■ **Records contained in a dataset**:
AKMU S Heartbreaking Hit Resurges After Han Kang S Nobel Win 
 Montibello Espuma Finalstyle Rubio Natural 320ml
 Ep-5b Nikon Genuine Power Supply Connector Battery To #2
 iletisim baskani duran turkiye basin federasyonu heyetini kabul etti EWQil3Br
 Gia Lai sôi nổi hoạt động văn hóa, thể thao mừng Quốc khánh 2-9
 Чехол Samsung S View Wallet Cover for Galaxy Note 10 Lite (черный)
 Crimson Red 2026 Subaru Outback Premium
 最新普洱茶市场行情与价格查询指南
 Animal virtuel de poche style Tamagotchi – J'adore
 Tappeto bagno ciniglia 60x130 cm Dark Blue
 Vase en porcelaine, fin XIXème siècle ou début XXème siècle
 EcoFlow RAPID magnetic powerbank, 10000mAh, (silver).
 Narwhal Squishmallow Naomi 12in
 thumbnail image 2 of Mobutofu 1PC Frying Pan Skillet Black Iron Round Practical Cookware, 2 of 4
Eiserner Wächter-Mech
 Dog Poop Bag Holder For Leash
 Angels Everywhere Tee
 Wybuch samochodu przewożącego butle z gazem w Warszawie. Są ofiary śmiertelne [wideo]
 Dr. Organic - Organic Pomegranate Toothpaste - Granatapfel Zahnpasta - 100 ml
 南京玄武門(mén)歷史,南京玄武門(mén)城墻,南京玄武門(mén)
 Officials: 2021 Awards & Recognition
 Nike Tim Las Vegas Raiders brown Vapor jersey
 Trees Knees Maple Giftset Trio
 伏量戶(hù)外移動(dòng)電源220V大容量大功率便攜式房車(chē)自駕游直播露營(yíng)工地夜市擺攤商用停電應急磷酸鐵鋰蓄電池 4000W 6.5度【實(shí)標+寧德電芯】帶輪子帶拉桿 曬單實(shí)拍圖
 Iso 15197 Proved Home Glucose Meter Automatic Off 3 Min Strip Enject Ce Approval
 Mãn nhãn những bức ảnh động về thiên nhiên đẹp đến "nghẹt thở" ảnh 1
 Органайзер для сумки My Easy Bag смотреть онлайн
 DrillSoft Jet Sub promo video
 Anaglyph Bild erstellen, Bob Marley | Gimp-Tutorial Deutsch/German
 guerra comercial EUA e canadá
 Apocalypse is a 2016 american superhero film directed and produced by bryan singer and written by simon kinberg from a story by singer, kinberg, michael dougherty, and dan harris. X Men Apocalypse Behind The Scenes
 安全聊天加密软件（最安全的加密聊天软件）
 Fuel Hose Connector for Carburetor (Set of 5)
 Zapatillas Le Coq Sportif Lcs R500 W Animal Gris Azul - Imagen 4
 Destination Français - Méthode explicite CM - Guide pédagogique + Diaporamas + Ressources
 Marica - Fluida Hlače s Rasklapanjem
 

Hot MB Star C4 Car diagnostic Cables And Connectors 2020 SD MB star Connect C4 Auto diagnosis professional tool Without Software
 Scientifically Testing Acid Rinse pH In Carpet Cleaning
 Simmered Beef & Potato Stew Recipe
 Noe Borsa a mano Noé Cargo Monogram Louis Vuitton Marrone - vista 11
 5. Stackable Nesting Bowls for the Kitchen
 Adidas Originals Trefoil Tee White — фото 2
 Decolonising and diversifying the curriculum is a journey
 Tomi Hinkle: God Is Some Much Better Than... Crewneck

■ **AIM OF THE TASK**: A line counts if it holds the word "Animal". How many lines of the entries count? Give the number only.

■ **OUTPUT OF THE EXERCISE**: 2